The array on disk now stores the written data. The resulting array is depicted in the figure below.
Reading from the array¶
We focus on subarray [1,2], [2,4]
.
C++
Reading is similar to the simple dense array example. The difference here
is that we need to allocate two buffers (one for a1
and one for a2
)
and set to the query object. Knowing that the result consists of 6 cells,
we allocate 6 character elements for data_a1
and 12 float elements for
data_a2
, since a2
stores two floats per cell.
const std::vector<int> subarray = {1, 2, 2, 4};
std::vector<char> data_a1(6);
std::vector<float> data_a2(12);
Context ctx;
Array array(ctx, array_name, TILEDB_READ);
Query query(ctx, array);
query.set_subarray(subarray)
.set_layout(TILEDB_ROW_MAJOR)
.set_buffer("a1", data_a1)
.set_buffer("a2", data_a2);
query.submit();
array.close();
Now data_a1
holds the result cell values on attribute a1
and
data_a2
the results on a2
, which we can print simply like:
for (int i = 0; i < 6; ++i)
std::cout << "a1: " << data_a1[i] << ", a2: (" << data_a2[2 * i] << ","
<< data_a2[2 * i + 1] << ")\n";
Python
Reading is similar to the simple dense array example.
with tiledb.DenseArray(array_name, mode='r') as A:
# Slice only rows 1, 2 and cols 2, 3, 4.
data = A[1:3, 2:5]
Now data["a1"]
holds the result cell values on attribute a1
and
data["a2"]
the results on a2
, which we can print simply like:
a1, a2 = data["a1"].flat, data["a2"].flat
for i, v in enumerate(a1):
print("a1: '%s', a2: (%.1f, %.1f)" % (chr(v), a2[i][0], a2[i][1]))

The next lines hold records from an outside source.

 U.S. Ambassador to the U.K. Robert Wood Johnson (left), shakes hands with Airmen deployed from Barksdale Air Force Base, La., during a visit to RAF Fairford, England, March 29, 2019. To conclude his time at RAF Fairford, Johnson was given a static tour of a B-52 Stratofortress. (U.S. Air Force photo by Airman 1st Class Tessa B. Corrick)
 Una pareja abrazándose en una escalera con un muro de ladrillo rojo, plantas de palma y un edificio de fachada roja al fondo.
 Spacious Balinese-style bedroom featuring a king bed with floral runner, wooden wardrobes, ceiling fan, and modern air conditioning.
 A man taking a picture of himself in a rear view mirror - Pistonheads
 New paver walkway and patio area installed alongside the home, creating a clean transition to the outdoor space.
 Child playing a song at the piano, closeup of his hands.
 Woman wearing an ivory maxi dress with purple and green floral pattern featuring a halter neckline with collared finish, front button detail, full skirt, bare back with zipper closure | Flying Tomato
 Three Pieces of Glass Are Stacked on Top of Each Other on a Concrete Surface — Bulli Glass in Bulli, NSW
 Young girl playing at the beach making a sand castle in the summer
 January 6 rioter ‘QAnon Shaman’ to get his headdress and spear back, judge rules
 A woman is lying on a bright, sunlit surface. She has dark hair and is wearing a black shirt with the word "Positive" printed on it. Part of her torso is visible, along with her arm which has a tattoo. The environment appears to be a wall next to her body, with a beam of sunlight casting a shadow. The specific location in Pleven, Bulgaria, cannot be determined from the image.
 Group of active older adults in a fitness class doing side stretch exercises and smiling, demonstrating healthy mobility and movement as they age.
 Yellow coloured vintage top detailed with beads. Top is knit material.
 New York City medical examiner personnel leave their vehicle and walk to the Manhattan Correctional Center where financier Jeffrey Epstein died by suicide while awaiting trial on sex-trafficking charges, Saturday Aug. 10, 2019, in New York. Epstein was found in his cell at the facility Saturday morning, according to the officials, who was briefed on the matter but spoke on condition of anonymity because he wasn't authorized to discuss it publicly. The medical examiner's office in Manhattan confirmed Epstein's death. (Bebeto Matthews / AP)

Subselecting on attributes¶
While you must provide values for all attributes during writes, the same is not true during reads.
C++
If you submit a read query with buffers only for some of
the attributes of an array, only those attributes will be read from disk. For example,
if we wish to retrieve the values only on a1
, we set only buffer data_a1
to the query object (i.e., omitting data_a2
):
const std::vector<int> subarray = {1, 2, 2, 4};
std::vector<char> data_a1(6);
Context ctx;
Array array(ctx, array_name, TILEDB_READ);
Query query(ctx, array);
query.set_subarray(subarray)
.set_layout(TILEDB_ROW_MAJOR)
.set_buffer("a1", data_a1);
query.submit();
array.close();
Python
If you submit a read query with the alternative .query()
syntax, you can specify
a list of attribute names. Only those attributes will be read from disk. For example,
if we wish to retrieve the values only on a1
, we list only a1
to the query method (i.e., omitting a2
):
with tiledb.DenseArray(array_name, mode='r') as A:
data = A.query(attrs=["a1"])[1:3, 2:5]
If you compile and run the example of this tutorial as shown below, you should see the following output:
C++
$ g++ -std=c++11 multi_attribute.cc -o multi_attribute -ltiledb
$ ./multi_attribute
Reading both attributes a1 and a2:
a1: b, a2: (2.1,2.2)
a1: c, a2: (3.1,3.2)
a1: d, a2: (4.1,4.2)
a1: f, a2: (6.1,6.2)
a1: g, a2: (7.1,7.2)
a1: h, a2: (8.1,8.2)
Subselecting on attribute a1:
a1: b
a1: c
a1: d
a1: f
a1: g
a1: h
Python
$ python multi_attribute.py
Reading both attributes a1 and a2:
a1: 'b', a2: (2.1, 2.2)
a1: 'c', a2: (3.1, 3.2)
a1: 'd', a2: (4.1, 4.2)
a1: 'f', a2: (6.1, 6.2)
a1: 'g', a2: (7.1, 7.2)
a1: 'h', a2: (8.1, 8.2)
Subselecting on attribute a1:
a1: 'b'
a1: 'c'
a1: 'd'
a1: 'f'
a1: 'g'
a1: 'h'
On-disk structure¶
Let us look at the contents of the array of this example on disk.
$ ls -l multi_attribute_array/
total 8
drwx------ 5 stavros staff 160 Jun 25 15:34 __1561491299419_1561491299419_fcb0ee91899142baad8a08049c0e2319
-rwx------ 1 stavros staff 159 Jun 25 15:34 __array_schema.tdb
-rwx------ 1 stavros staff 0 Jun 25 15:34 __lock.tdb
$ ls -l multi_attribute_array/__1561491299419_1561491299419_fcb0ee91899142baad8a08049c0e2319/
total 24
-rwx------ 1 stavros staff 939 Jun 25 15:34 __fragment_metadata.tdb
-rwx------ 1 stavros staff 36 Jun 25 15:34 a1.tdb
-rwx------ 1 stavros staff 148 Jun 25 15:34 a2.tdb
TileDB created two separate attribute files in fragment subdirectory
__1561491299419_1561491299419_fcb0ee91899142baad8a08049c0e2319
:
a1.tdb
that stores the cell values
on attribute a1
(the file size is 16
bytes, equal to the size
required for storing 16 1-byte characters, plus 20 bytes of metadata overhead),
and a2.tdb
that stores the cell
values on attribute a2
(the file size is 128
bytes, equal to the
size required for storing 32 4-byte floats, recalling that each cell stores
two floats, plus the 20 bytes of metadata).